ISLAMABAD, July 27: Operations of the clean development mechanism cell of the Ministry of Climate Change have come to a standstill after services of its staff were terminated.

The cell, on the fifth floor of a government building, gives a deserted look with stacks and stacks of files but no technical staff to go through them.

On July 1, 2012, the ministry ended contracts of the eight specialists in the field of carbon credits working in the cell.
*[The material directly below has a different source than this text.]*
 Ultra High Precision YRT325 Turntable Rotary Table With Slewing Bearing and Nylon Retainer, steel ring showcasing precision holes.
The employees had gone nine months without salaries but were paid a few days before their services were ended.

The termination, according to officials in the ministry, had come at a bad time especially when Pakistan had till December 31, 2012, to register as many projects with the United Nations Frame Convention on Climate Change (UNFCCC) to earn maximum carbon credits.

“It is a panic situation for both the ministry and the private companies who had been running around to make the cell work and get projects registered,” said a senior environmentalist in the Ministry of Climate Change, explaining how in desperate measures the new ministry was phoning the laid off of CDM staff to return to office to get basic paperwork done.
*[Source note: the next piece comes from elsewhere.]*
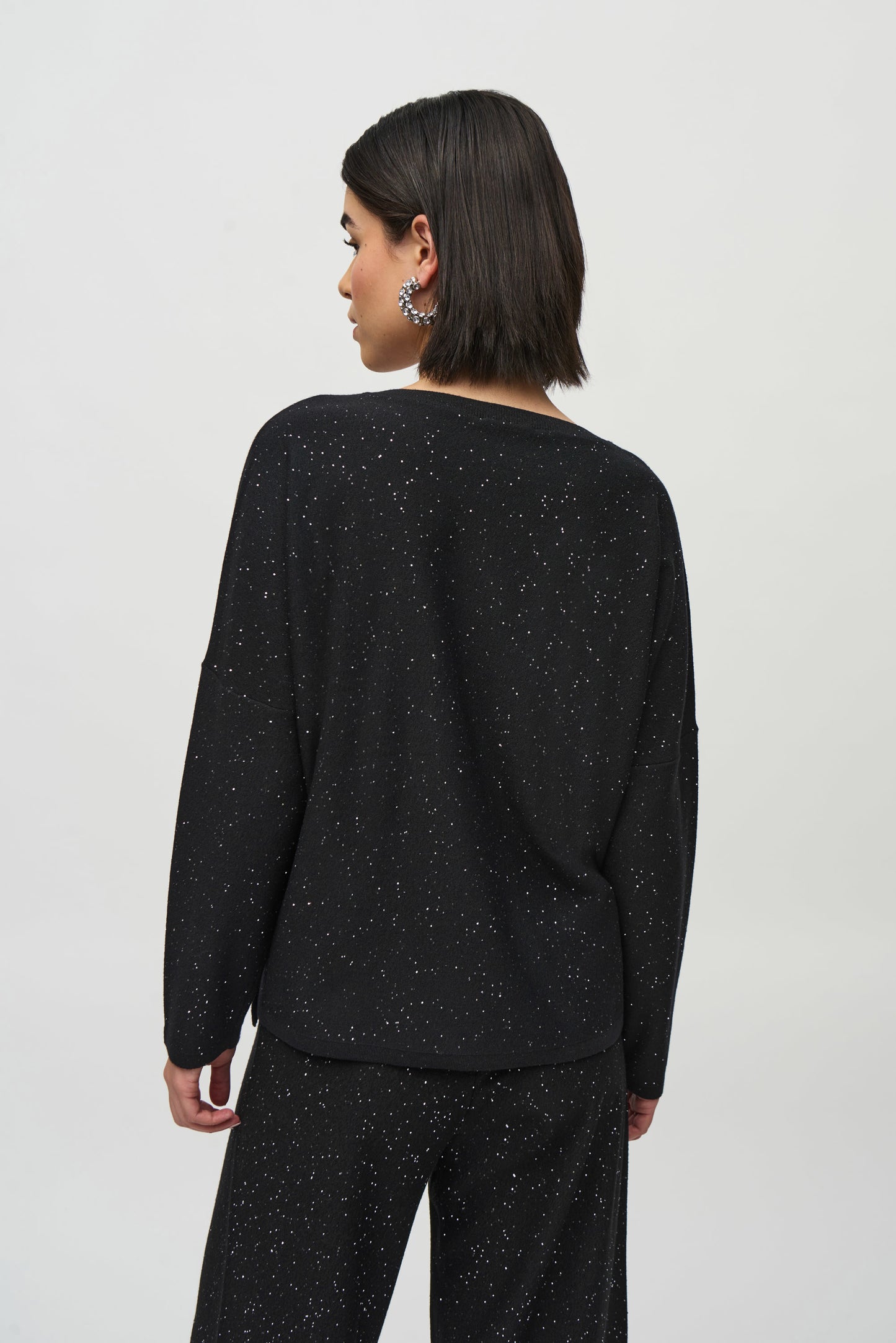 Joseph Ribkoff Sequined Sweater Knit Boxy Top
244921F25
Besides spreading awareness about the international carbon markets, the cell had been providing necessary support to stakeholders (in reducing Green House gasses) by identifying, developing, marketing and managing of CDM projects for companies generating power, working in renewable energy solutions, weaving mills and solid waste disposal to mention some.

It has helped Pakistan generate money by reducing carbon emissions into the atmosphere.
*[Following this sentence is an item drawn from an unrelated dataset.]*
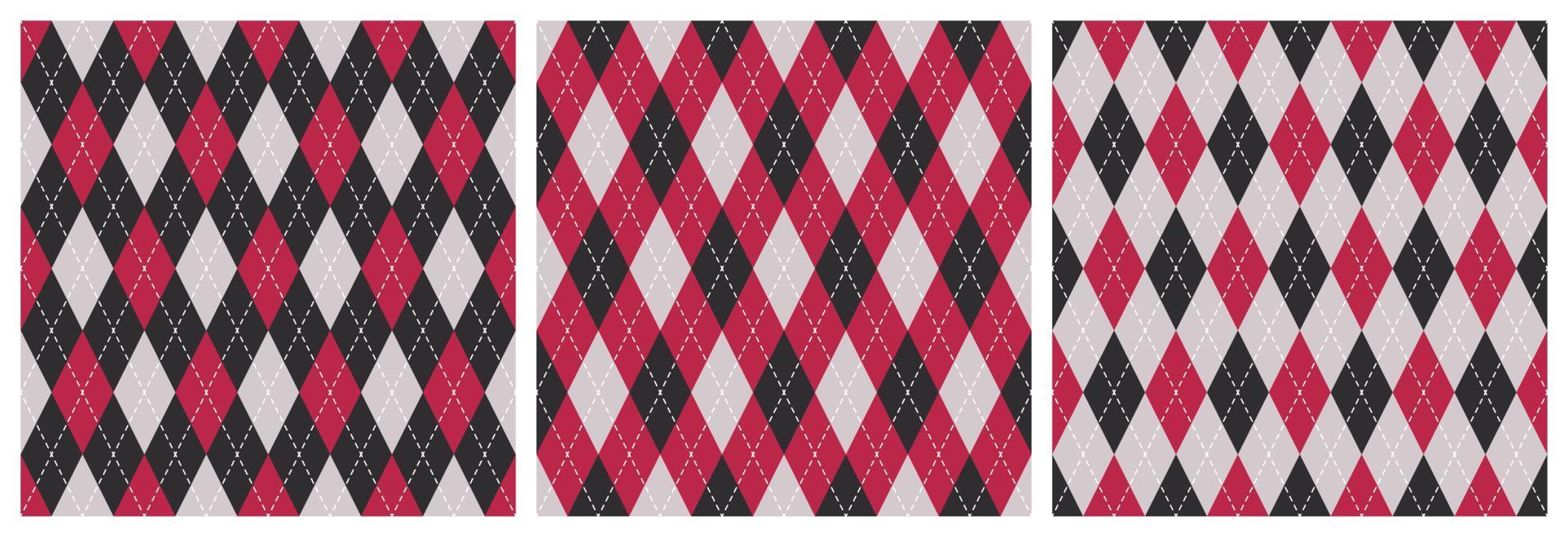 Seamless Argyle Pattern Viva Magenta Black Gray Background vector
“The ministry is in the process of hiring again but there is very little time — at least three to four months for advertising, evaluation, short listing followed by tests and interviews — that too on a fast track basis that is less likely,” the official said, elaborating how at least two to three projects were landing at the CDM cell for registration with the UNFCCC on a daily basis.

With nearly 50 projects approved by the CDM cell for registration with UNFCCC, there were 11 new projects waiting approval of the Ministry of Climate Change, including five wind power generation programmes (that once approved before December 2012) would fetch Pakistan 20 million Euros over the next 10 years.

Karachi-based Arif Alam, who is a CDM consultant in a private company Axis Environmental Services, explained why meeting the deadline was important as he gave reasons to hustle.

“There is news that the date to register projects has been extended from December 31, 2012, to the 2020.

But the extension comes with the condition that countries failing to register before December 31 will not be permitted to trade carbon credits in the European Union which is the most lucrative market,” the consultant said.

When Director General Ministry of Climate Change Jawed Ali Khan was asked to comment on how soon the cell would become operational again, he said: “We are trying to deal with the situation.

The staff had to be sent home because they were irregularly hired.

However, we are keeping the ball rolling. There is a meeting next week in the ministry to analyse the 11 new projects for registration.”

He asserted that there was no way that the ministry was letting the CM cell close down.